This gist will help you circumvent a bug with the current Linux kernels (6.17 at the time of writing) that breaks the keyboard after booting your laptop back up from standby.
Credits go to mistine (Github) for coming up with this fix, u/ymmvxd (Reddit) for adapting this fix for Fedora and me (MyFairJulia) for adapting this fix again for Fedora Atomic.
What this fix does is simply removing the i8042 driver (responsible for communication with PS/2 keyboards and mice) while entering standby and adding the driver back in while resuming. The problem is that you cannot simply apply this fix to a Fedora Atomic based distro, since it doesn't allow the user to mess with the system. These instructions will help you wrap the fix into an rpm package to layer it onto your deployment.
Before you spend an hour (or more than half a day as i did) we'll have to check first whether this fix even works on your laptop.
To do that, enter the following command in your terminal:
sudo dmesg | grep i8042
If your terminal output contains the following lines, this fix will work on your machine. It definitely worked on my Sony Vaio Flip 15:
[ 0.494344] serio: i8042 KBD port at 0x60,0x64 irq 1
[ 0.494363] serio: i8042 AUX port at 0x60,0x64 irq 12
[ 0.507130] input: AT Translated Set 2 keyboard as /devices/platform/i8042/serio0/input/input3
[ 1.394864] input: SynPS/2 Synaptics TouchPad as /devices/platform/i8042/serio1/input/input5
If you happen to have any i8042-related kernel arguments, i suggest to remove them before starting as they could interfere with the fix.
We need distrobox to create an environment to build the rpm package.
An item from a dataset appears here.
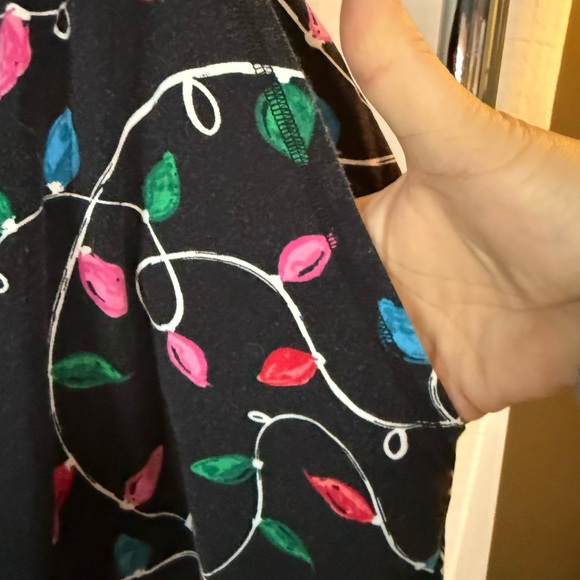 Cacique Women's Pajama Set - Gray and Black with Festive Lights - Picture 4 of 6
This could theoretically work with rpm-ostree but temporarily layering a development environment onto Fedora wastes a lot of time.
Anyway, run these commands to install distrobox:
sudo rpm-ostree install distrobox
systemctl reboot
After reboot, run the following command to create and enter the distrobox:
distrobox enter
Then confirm the prompt to create the distrobox.
Run the following commands to install fpm and its dependencies:
yum install ruby rpm-build
gem install fpm
fpm is the tool that will help us build the package and we need ruby to install and run it as well as rpm-build so fpm can create the rpm package.
Create the script file using nano keyboard-reset.sh and paste the following content into the terminal:
#!/bin/sh
case $1/$2 in
pre/*)
echo i8042 > /sys/bus/platform/drivers/i8042/unbind
;;
post/*)
echo i8042 > /sys/bus/platform/drivers/i8042/bind
;;
esac
This is the actual fix! The real deal! The script is described in the intro.
Save the file using Ctrl-X and grant the script the execute permission using sudo chmod +x keyboard-reset.sh
Create the rpm package using the following command:
fpm -s dir -t rpm -p keyboard-reset.rpm --name i8042-keyboard-reset --version 0.1.0 --architecture all --description "Resets the keyboard driver after returning from standby" --maintainer "mistine, u/ymmvxd and MyFairJulia" keyboard-reset.sh=/usr/lib/systemd/system-sleep/keyboard-reset.sh
This command takes the script and creates an rpm package around it that will put the script in the correct location to be run automatically on standby and resume by systemd.
Leave the distrobox behind using the command exit and run the following commands to install the package and reboot your machine:
sudo rpm-ostree install ~/keyboard-reset.rpm
systemctl reboot
Does this fix every issue related with hibernate? The keyboard is the worse of the issues, but there are other problems that come with it: laptop does not turn off on lid close; function keys do not work. I remember seeing this script a while back and it didn't fix those, did anything change?
Anyways, thanks for creating this!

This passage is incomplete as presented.